Ducharme and senior Evina Westbrook came off the bench to provide a spark in the second quarter, with the latter pulling in three rebounds before she too had to play somewhat hobbled with an ankle injury sustained just prior to halftime. The sense of relative calm Westbrook was able to bring was an appropriate parting gift in the “team mom’s” collegiate finale. Despite the runner-up finish, Westbrook declared that her decision to spurn the 2021 WNBA Draft was well worth it.
“Definitely not the outcome that we wanted, but I think it was definitely over worth it for me coming back and just being with this group of girls and making the memories that we did,” Westbrook said. “We win together, we lose together, so this definitely hurts, but a lot of memories, a lot of great memories made with this group…I rolled my ankle, but I wasn't really thinking about it. I know I was limping a little bit, but it was the last game of the season, so whether I rolled it, broke it, I was going to try to play regardless.”
Auriemma concurred, praising his team for their resilience and strength in a season that featured several would-be game changing disasters, headlined by the combined 30 games lost between Bueckers and Fudd. Though several streaks, including Auriemma’s perfect 11-0 mark in the national title game, were lost, UConn was still able to return to the early April finale, taking down two No. 1 seeds in the process (NC State and defending champion Stanford).

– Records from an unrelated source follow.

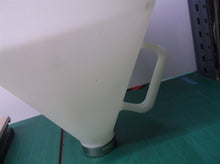 Hopper Replacement for the Homax Texture Gun and hopper 5L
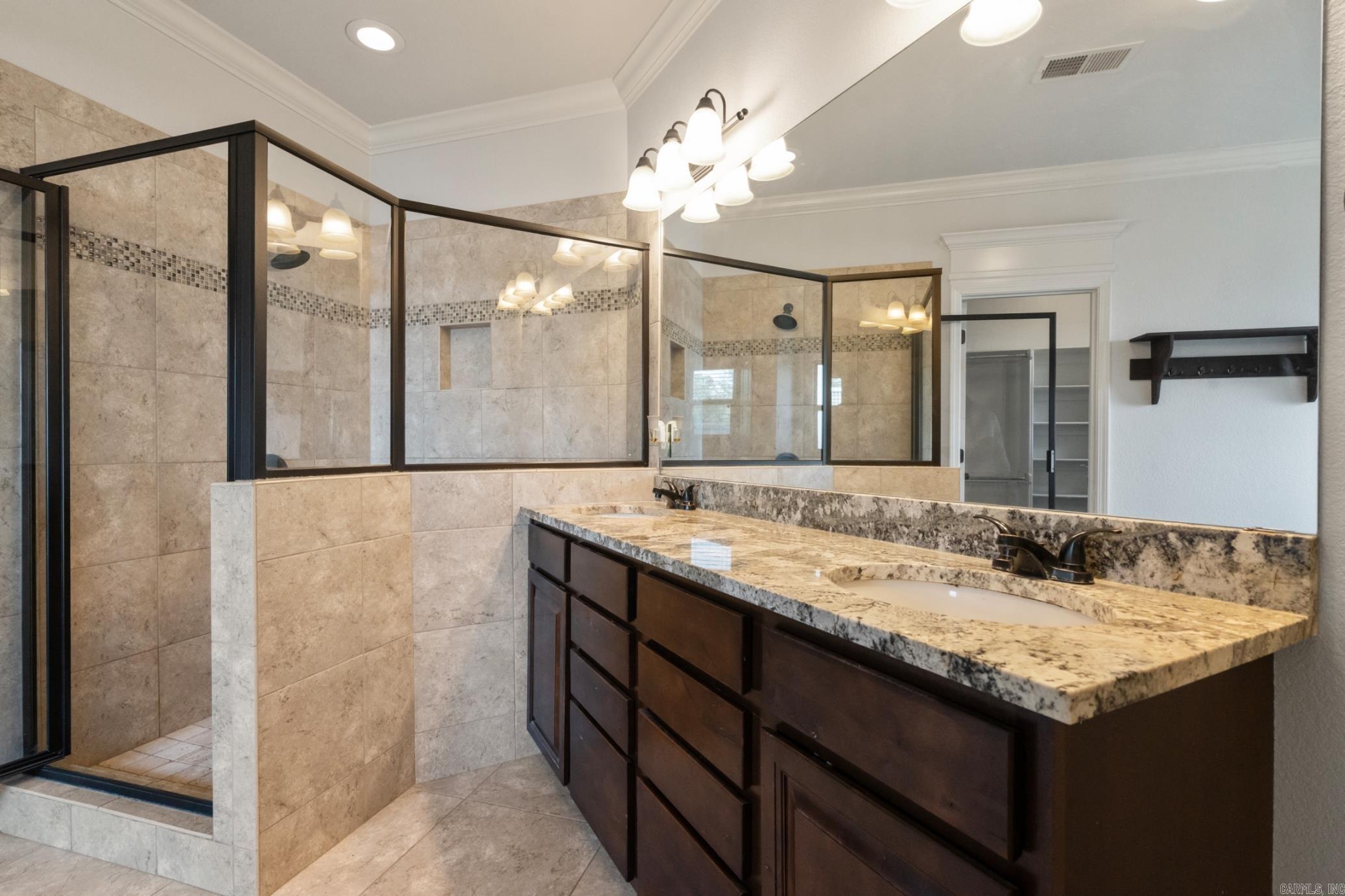 109 Wild Dogwood Trl Hot Springs, AR 71913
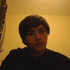 Avatar de Pendutom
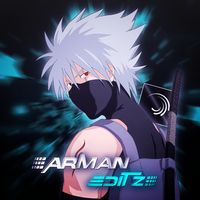 arman_editz06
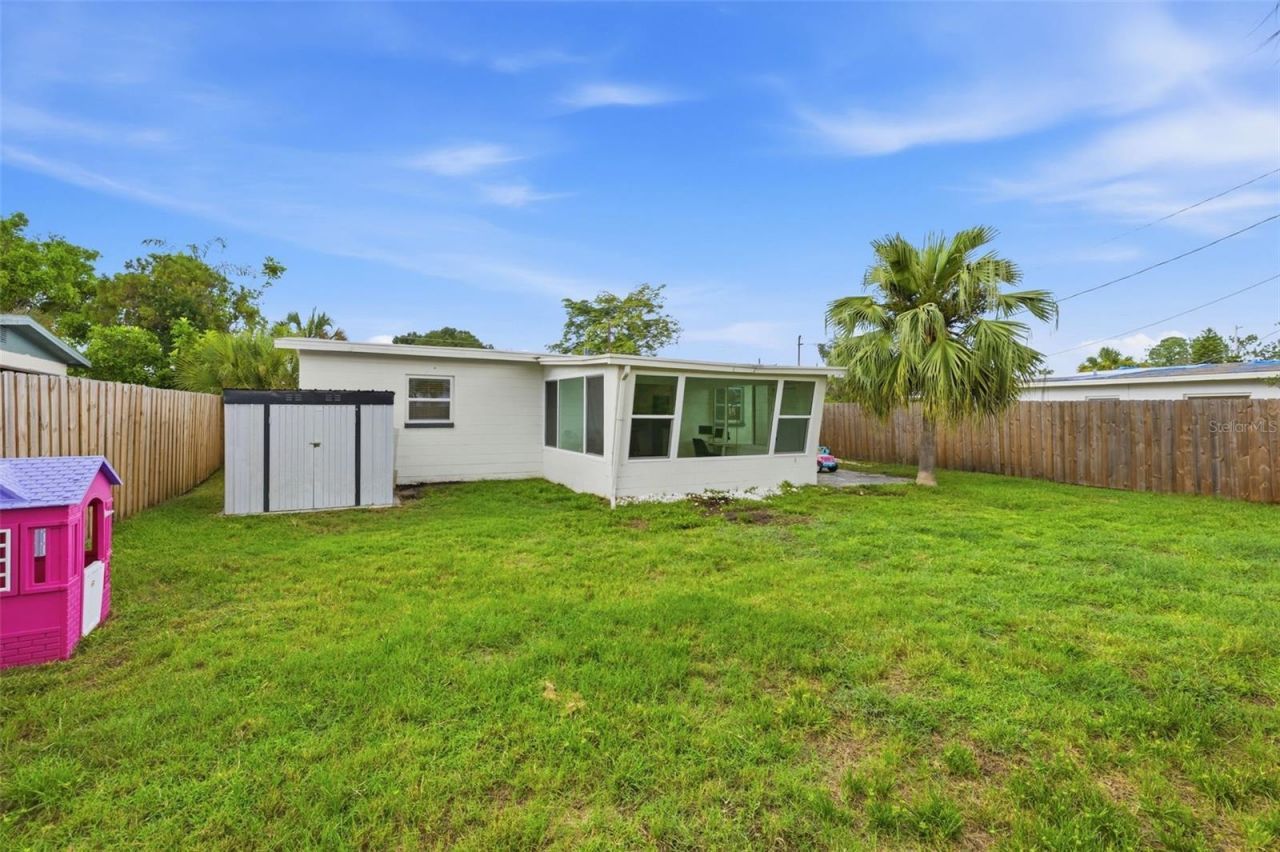 9851 52nd Street N, Pinellas Park, FL 33782 Photo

“For them to…be in this game was quite an achievement. If you'd have said in November when we left the Bahamas that we would be playing South Carolina tonight, maybe everybody would have said that could possibly happen very easily, right?” Auriemma said. “The way it went, I guess if you weren't there, if you didn't see it, if you didn't feel it every day in practice or just who can't go, who can go, it was just a credit to them that they were able to hold it together for that long. We certainly had our ups and downs. The best way I can say it is I'm really proud of them. But tonight we just weren't good enough. We just weren't good enough.”
“They're competitors. They want to compete. It's easy to compete when you're winning. It's easy to compete when everything is going well. But it's something else when it's a struggle. Everything was a struggle tonight. Everything was a struggle,” the head coach continued. “But that's what competition is, right? That's what's at the heart of competing, that you compete even when the chances of winning are slim, when nothing is going your way and you still compete. Otherwise you shouldn't call yourself a competitor.”
“We've got some competitive kids on our team that, again, we wouldn't be here if they weren't. Today was another example of how competitive they are.”